先生:前回、前々回と中国の土地制度について勉強しました。中国においては、私人は土地を所有することができず、払下げ又は割当土地使用権を取得しなければならないことを繰り返し述べてきました。1つ補足しておきますと、国から直接土地を賃借する方法もあり、これによって土地を使用する権利を賃借土地使用権と呼んだりします。これは払下げ金を支払わずに毎月の賃料のみで土地を使用することができますので便利です。この点も覚えておいてください。 生徒:分かりました。いずれにしても、国が土地を所有していて、私人に何らかの使用権を与えるという構造は、日本の感覚とは大分違いますね。

先生:日本の感覚からは理解が難しいテーマとして、今回は、中国企業の経営範囲を勉強します。全ての中国企業は経営範囲を有しています。経営範囲とは、企業が従事する経営活動の範囲であり、工商行政管理局において登記され、営業許可証に記載されます。

生徒:その経営範囲というものは、登記されるそうですが、審査認可も経なければならないのでしょうか?

先生:経営範囲には、許可経営範囲と一般経営範囲の2種類があり、前者は関係部門の認可を取得した後に登記されるべき経営範囲であり、後者は審査認可を経ずに直接登記することのできる経営範囲です。外商投資企業設立プロジェクトは、商務部門の認可が必要ですので、全て許可経営範囲になるものと考えられます。

生徒:審査認可を要する場合には、その際に経営範囲もチェックされるけれども、経営範囲だけを特別に審査するプロセスはないということですね。でも、なぜ経営範囲という概念が中国企業に必要なのでしょうか?

先生:計画経済の時代においては、企業というものは、国から経営権を与えられて、その範囲内でのみ活動するものであるという発想があり、経営範囲という概念は、主にこの発想に基づいていると考えられます。市場経済に移行した現在となっては、経営範囲の規制は時代遅れとなりつつあるのですが、未だに廃止されることなく存続しています。

生徒:なるほど。もし経営範囲が個別具体的に記載されなければならないとしたら、企業は経営範囲に拘束されて、柔軟な経営をすることが困難になるのではないでしょうか?
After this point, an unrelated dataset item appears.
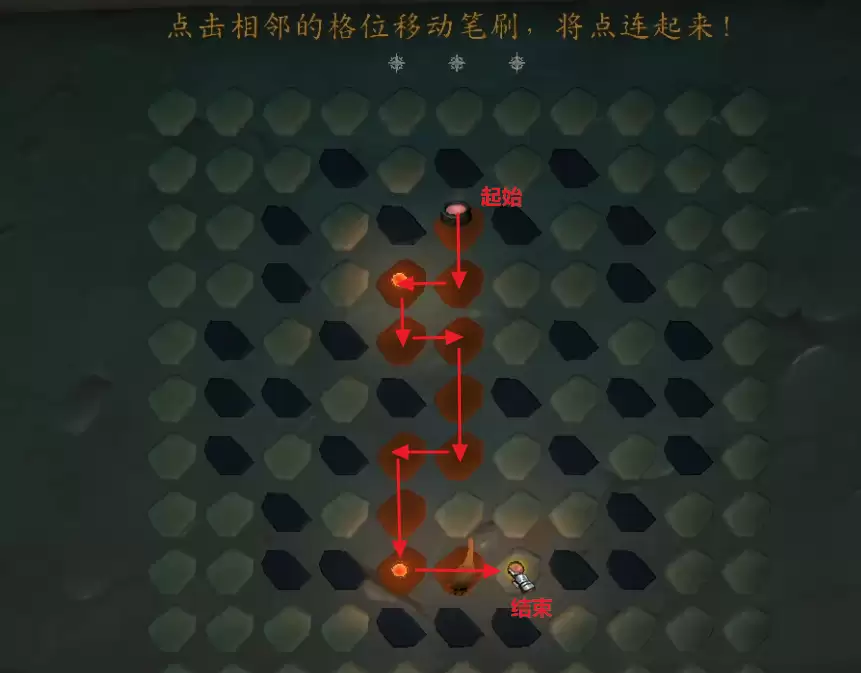 魔兽世界明日色调任务攻略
先生:そのとおりです。そこで、2004年2月15日に公布された《市場参入制度を改革し経済発展環境を改善することに関する若干の意見》と題する北京市の規定は、営業許可証における経営範囲の記載について、以前のような個別具体的な記載方法ではなく、包括的な記載方法を採用する旨を規定しており、これによって、経営範囲の拘束は以前よりも緩くなりました。時代の流れとしては、かかる北京市のような規定が各地で制定されていくのではないかと予想されますが、全国的には、なお個別具体的な記載方法が採用されています。

生徒:その包括的な記載とは、どのようなものですか?

先生:外商投資企業の場合、「【1】法律法規及び国家外商投資産業政策が禁止しているものについては、経営してはならない。【2】法律法規が審査認可を要すると規定し、及び国家外商投資産業政策が経営を制限している項目は、認可を取得するまで経営してはならない。【3】法律法規が認可を要すると規定しておらず、国家外商投資産業政策が経営を制限していないものについては、経営項目を自主的に選択して経営活動を展開する」と営業許可証に記載されます。即ち、法律法規に違反しない限り全ての活動を行ない得る旨の記載になったわけです。

生徒:それは、画期的な改革ですね。北京市以外の地区においては、依然として個別具体的な記載を要しているそうですが、経営範囲を超えて経営活動をすると、どのようなリスクがあるのでしょうか?

先生:それでは、経営範囲を超えて活動をしている疑いのある場合の職権検査、経営範囲を超えて活動した場合の行政及び刑事処罰、経営範囲を超えた活動の効力等について、次回説明しましょう。